You can figure this out on Google in .20 seconds. I know. I did it. It’s O+.

The fact that I searched for this begs the question…why? Shouldn’t I know this?

*ahem*…blush. Pretty much, yeah. I should know it and in fact once I read it, I remembered that I knew it. Can I prove that? Nope. But once upon a time – according to me – I really did know that without Google’s help.

What I DO still know is what blood type O+ means. The O signifies one of 4 major blood groups: A, B, AB and O. What does it mean to be one type or another? Really it’s a description of the type of protein on the exterior of human red blood cells. Imagine a smooth, red balloon. Smooooooooth. Ok. Got it? That’s NOT how it looks.

rbc1.jpgFirst, imagine pushing into the balloon with both fists at equal points from each other (as in, the north end and the south end) to the point where both fists are almost touching through the balloon. Now you have a better idea of the shape of a blood cell (if you haven’t noticed the HUGE red picture next door).

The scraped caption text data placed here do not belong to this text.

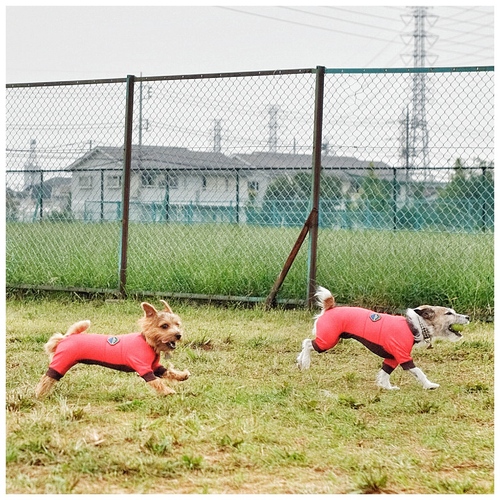 おまとめDOG RUN!!_c0117383_15121932.jpg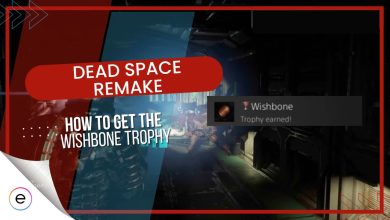 Wishbone Dead Space Remake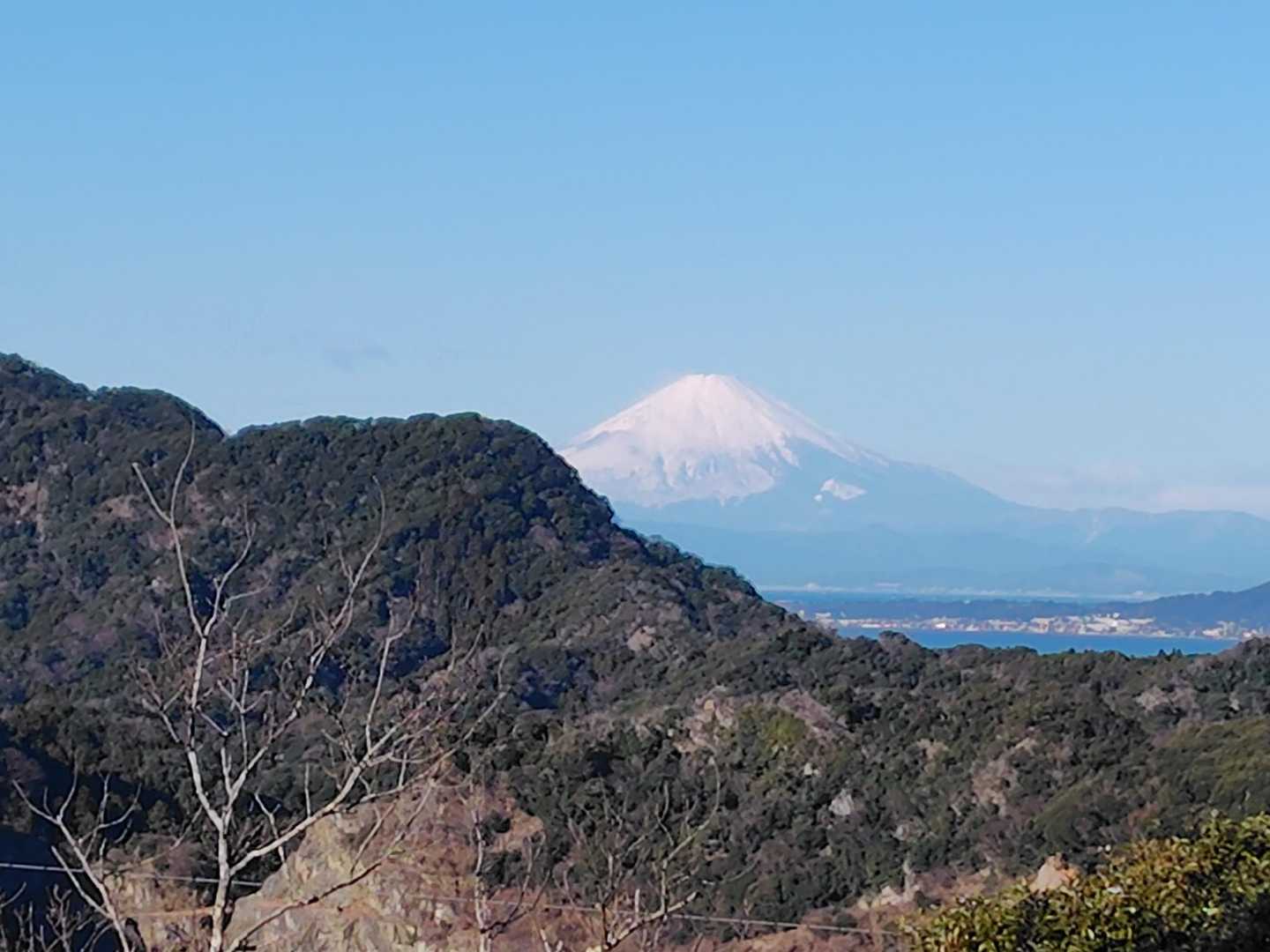 富士山🗻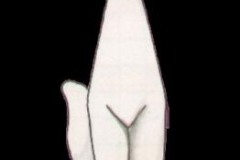 079porz2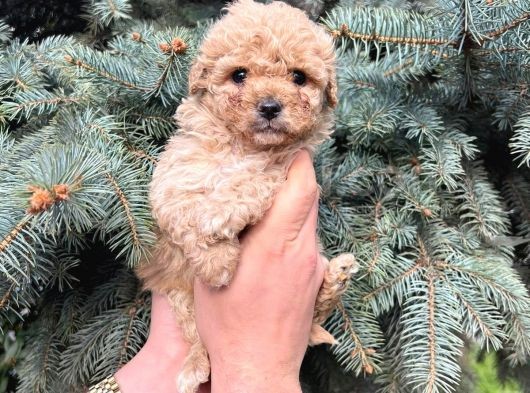 Kore Kani Muhteşem Yüz Hattina Sahi̇p Toy Poodle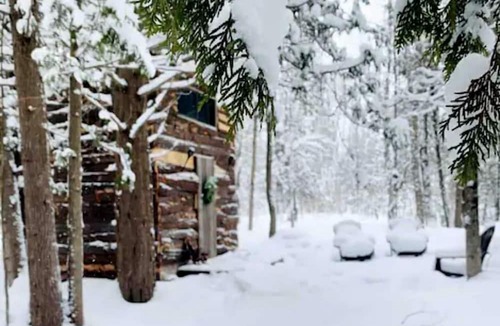 Markdale Cabin | Quaint Off-Grid Cabin with Fire Pit Space in Ontario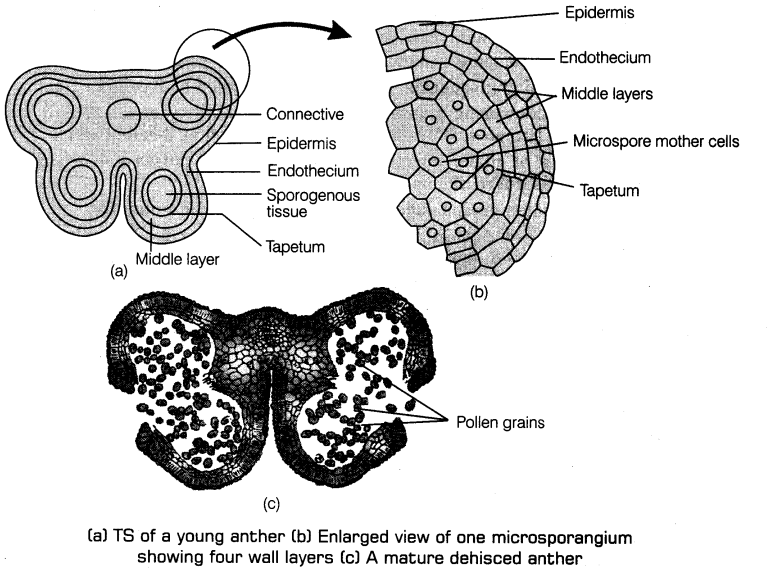 sexual-reproduction-flowering-plants-cbse-notes-class-12-biology-2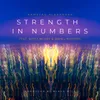 About Strength In Numbers S.I.N Song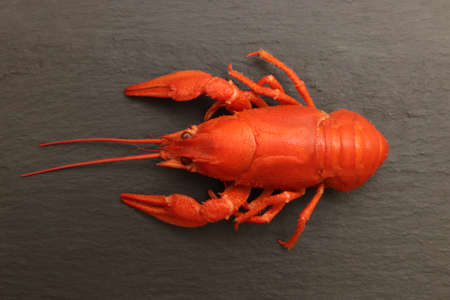 Cooked red crayfishes on black stone background. Red boiled crayfishes food. Shellfishes delicious...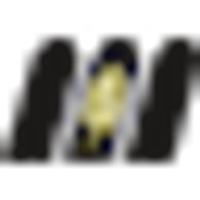 MAIOCCO CEREALES S.A. logo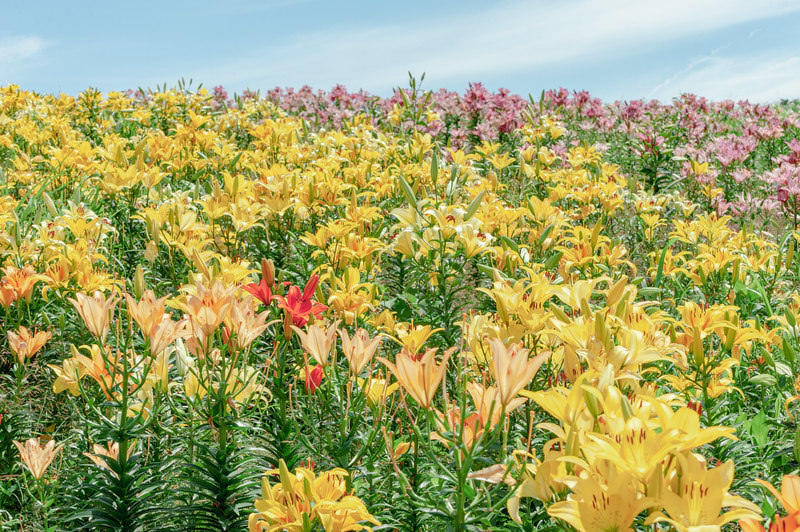 １円画像　ユリの花_画像1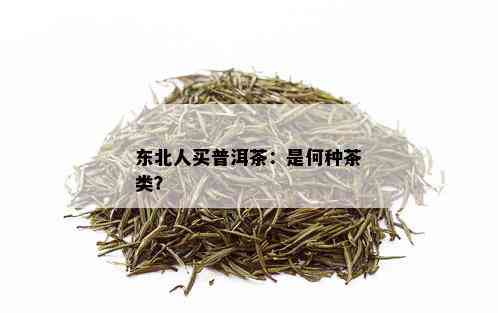 东北人买普洱茶：是何种茶类？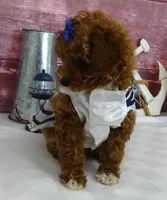 Saylor, a female Poodle - Miniature  for sale in Mountain Grove, MO – Photo 2 of 10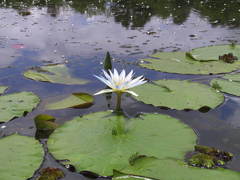 Nymphaea nouchali caerulea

Now imagine buh-jillions of antennas, scaffolding and twisted metal extending from the surface of the balloon. THAT’S what it looks like. You just don’t see them because they’re small and most pics (again, next door) don’t show them.

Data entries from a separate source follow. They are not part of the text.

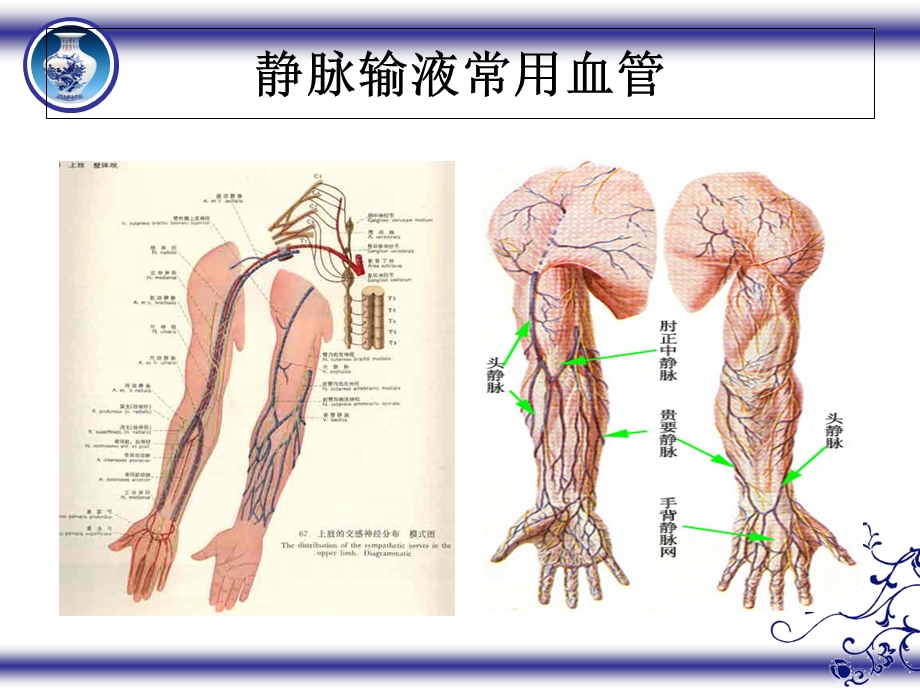 危重病人血管保护.ppt_第2页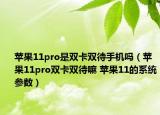 蘋果11pro是雙卡雙待手機嗎（蘋果11pro雙卡雙待嘛 蘋果11的系統(tǒng)參數(shù)）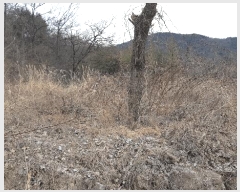  2025Ÿ��30994  ����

Of those things sticking out of the balloon, the most important are these two big ones…aptly named A and B. Think of it like the city of Paris – lots of buildings everywhere – with a big Eieffel Tower sticking up higher than all of them. Some balloons have one tower (A). Some have a different one (B). Some have both (AB). Then there’s one that doesn’t have any, which is called O just for fun.

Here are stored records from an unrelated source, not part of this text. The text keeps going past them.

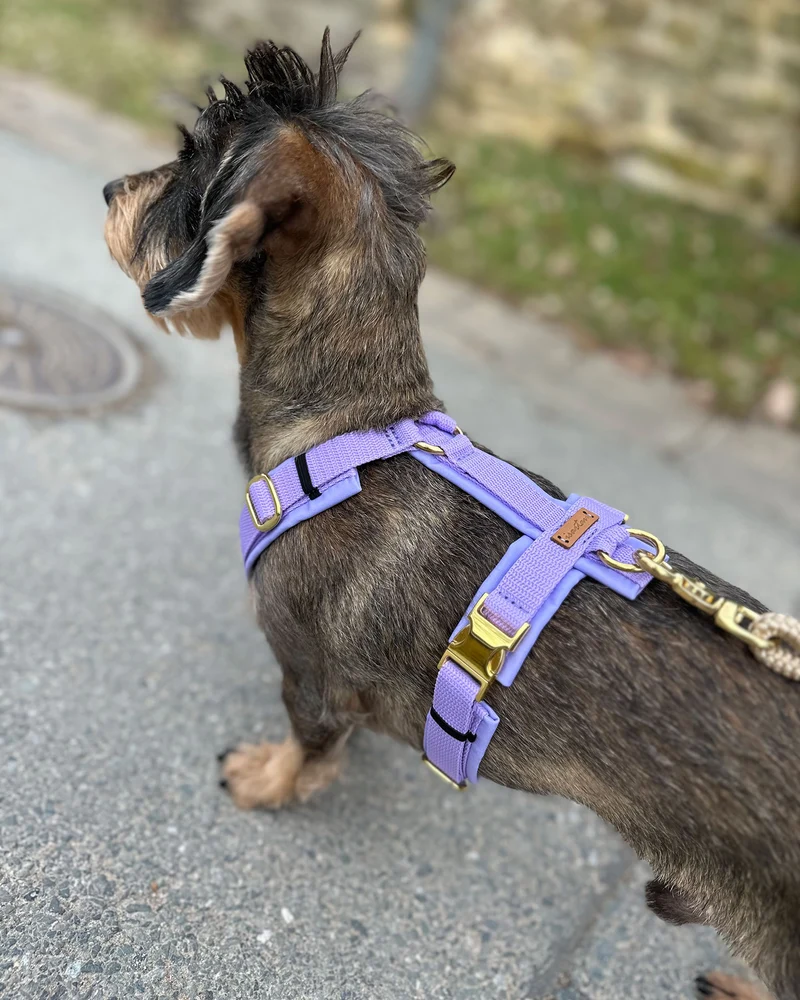 Hundegeschirr Softie LAVENDEL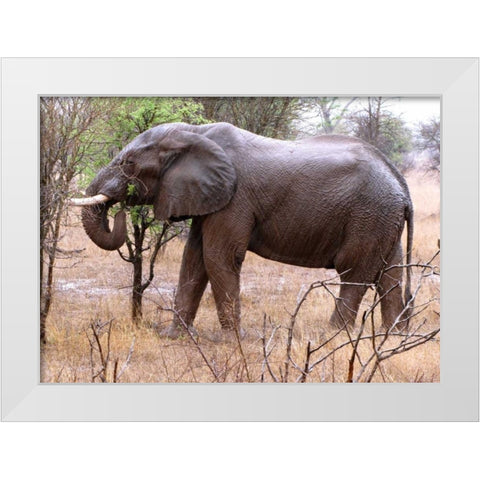 African Elephant I White Modern Wood Framed Art Print by Underdahl, Dana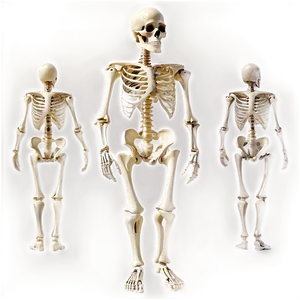 Detailed Human Skeleton Png Agg PNG Image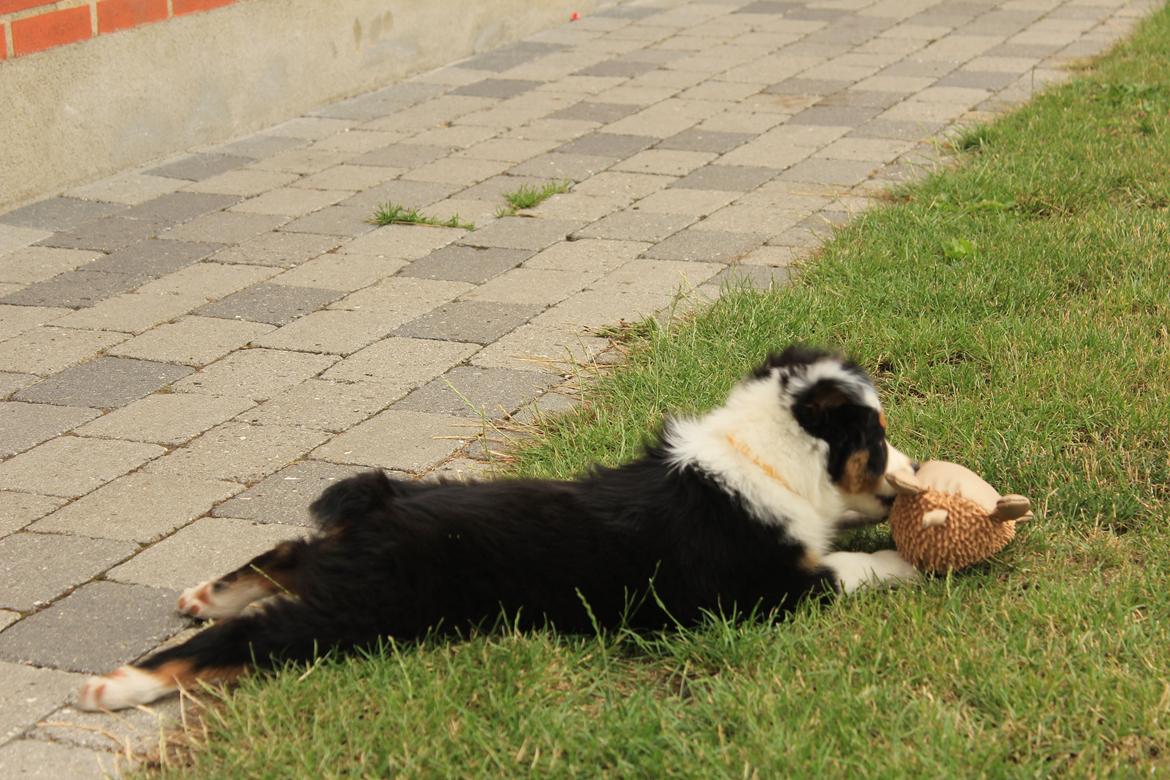 Australian shepherd Rosenlysts Black Velvet billede 16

There’s another important thing sticking out of the cell. It’s either there or it isn’t. If it’s there, you’re +. If not, you’re -.

A little-known fact is that there’s all those other proteins (buildings in Paris, if you’re still traipsing through the analogy) that only sorta matter to practical health issues. The fact is that your immune system gets REALLY annoyed at the A’s, B’s and +’s if it’s never seen them before. It doesn’t care about the other “buildings” – they may cause a fever or turn your pee dark for a few days. But if you get blood cells that have A, B, or + antenne on them, your immune system will attack them, kill them, and make you really sick. It’s can be especially tragic if it happens in a baby. But the other buildings don’t really matter to anyone but PhD’s. There’s all kinds of them, all with names and designations that nobody cares about (although there is one protein called the “Lutheran” protein which, in my opinion, puts a whole new spin on the predestination thing).

So the most common blood type is O+. People who have O+ have immune systems that don’t like blood with A, B or AB proteins. However, they don’t care if that blood is + or -. So, if you your goal in life is to donate blood, you want to have blood type O-. This type of blood is the Switzerland of red blood cells. Everybody gets along with it because it has no important proteins to attack. If, on the other hand, you spend most of your time in high-velocity situations and the potential for massive blood loss is looming in your future, you’d like to be of type AB+. This means your immune system has seen it all – the Moll Flanders of immune systems (been around the block, if you will). O- is therefore the “Universal Donor”, meaning it is appropriate for Klingons, Wookies and all Earthlings. AB+ is the “Universal Recipient”, meaning they can take blood from all the people that the Universal Donor just gave to.

Finally, I just learned from the pediatric cancer docs that you can completely change a person’s blood type by irradiating their bone marrow until it’s all dead, then transplanting from a donor with a different blood type. Thus, if you want to commune with the universe, consider one of these two blood types. Otherwise, you’re just boring and complicated like the rest of us.